Exercise data:
-------

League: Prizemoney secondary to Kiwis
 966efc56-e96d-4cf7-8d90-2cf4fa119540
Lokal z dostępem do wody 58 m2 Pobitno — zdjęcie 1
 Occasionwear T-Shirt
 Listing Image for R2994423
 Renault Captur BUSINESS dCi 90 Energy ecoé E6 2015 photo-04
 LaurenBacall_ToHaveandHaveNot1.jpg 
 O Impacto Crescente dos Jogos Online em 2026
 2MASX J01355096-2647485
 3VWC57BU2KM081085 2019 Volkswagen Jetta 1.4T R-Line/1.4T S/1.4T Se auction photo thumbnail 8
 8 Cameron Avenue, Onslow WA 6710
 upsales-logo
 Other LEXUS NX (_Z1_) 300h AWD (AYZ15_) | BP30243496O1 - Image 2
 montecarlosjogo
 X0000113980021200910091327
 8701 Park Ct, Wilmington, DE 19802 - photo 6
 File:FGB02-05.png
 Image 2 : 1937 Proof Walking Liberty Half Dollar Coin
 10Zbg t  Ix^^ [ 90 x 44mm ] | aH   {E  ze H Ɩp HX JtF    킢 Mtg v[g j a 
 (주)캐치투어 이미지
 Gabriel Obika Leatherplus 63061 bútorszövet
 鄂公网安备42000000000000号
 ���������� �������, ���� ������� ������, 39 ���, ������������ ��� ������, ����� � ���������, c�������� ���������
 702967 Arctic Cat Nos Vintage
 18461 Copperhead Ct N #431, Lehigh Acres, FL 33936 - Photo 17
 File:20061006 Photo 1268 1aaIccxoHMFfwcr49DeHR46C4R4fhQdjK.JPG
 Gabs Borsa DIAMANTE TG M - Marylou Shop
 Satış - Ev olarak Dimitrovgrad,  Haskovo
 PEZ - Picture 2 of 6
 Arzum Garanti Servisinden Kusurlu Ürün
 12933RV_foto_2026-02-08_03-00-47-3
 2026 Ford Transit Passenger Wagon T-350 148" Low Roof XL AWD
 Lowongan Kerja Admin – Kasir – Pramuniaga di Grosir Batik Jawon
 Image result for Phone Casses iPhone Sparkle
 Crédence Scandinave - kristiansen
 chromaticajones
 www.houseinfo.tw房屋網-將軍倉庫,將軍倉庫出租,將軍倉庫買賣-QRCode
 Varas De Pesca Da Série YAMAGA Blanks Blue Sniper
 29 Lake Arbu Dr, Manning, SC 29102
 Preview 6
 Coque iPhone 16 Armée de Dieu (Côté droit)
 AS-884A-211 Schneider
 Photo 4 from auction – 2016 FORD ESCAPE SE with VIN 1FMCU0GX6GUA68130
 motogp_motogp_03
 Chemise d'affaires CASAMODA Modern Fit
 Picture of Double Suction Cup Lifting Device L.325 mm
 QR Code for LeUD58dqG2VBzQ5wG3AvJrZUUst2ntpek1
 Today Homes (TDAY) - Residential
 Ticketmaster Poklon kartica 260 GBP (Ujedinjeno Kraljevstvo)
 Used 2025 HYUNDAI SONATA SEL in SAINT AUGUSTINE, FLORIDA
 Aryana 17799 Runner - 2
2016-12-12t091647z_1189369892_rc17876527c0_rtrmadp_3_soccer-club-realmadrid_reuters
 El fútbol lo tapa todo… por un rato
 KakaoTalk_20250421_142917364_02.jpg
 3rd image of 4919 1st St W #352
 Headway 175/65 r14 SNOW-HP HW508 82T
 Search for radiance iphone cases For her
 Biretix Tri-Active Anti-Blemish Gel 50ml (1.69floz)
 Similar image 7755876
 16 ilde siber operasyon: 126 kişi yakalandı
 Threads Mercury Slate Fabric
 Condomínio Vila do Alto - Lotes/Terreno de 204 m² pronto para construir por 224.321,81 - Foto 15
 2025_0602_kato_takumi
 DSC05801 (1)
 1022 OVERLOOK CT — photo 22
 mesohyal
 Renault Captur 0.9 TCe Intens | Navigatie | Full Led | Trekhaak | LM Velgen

-------

Task to carry out: Everything from the line containing "KakaoTalk_20250421_142917364_02.jpg" to the end of the records must be written out exactly; include both of those lines and no others.

Solved exercise:
 KakaoTalk_20250421_142917364_02.jpg
 3rd image of 4919 1st St W #352
 Headway 175/65 r14 SNOW-HP HW508 82T
 Search for radiance iphone cases For her
 Biretix Tri-Active Anti-Blemish Gel 50ml (1.69floz)
 Similar image 7755876
 16 ilde siber operasyon: 126 kişi yakalandı
 Threads Mercury Slate Fabric
 Condomínio Vila do Alto - Lotes/Terreno de 204 m² pronto para construir por 224.321,81 - Foto 15
 2025_0602_kato_takumi
 DSC05801 (1)
 1022 OVERLOOK CT — photo 22
 mesohyal
 Renault Captur 0.9 TCe Intens | Navigatie | Full Led | Trekhaak | LM Velgen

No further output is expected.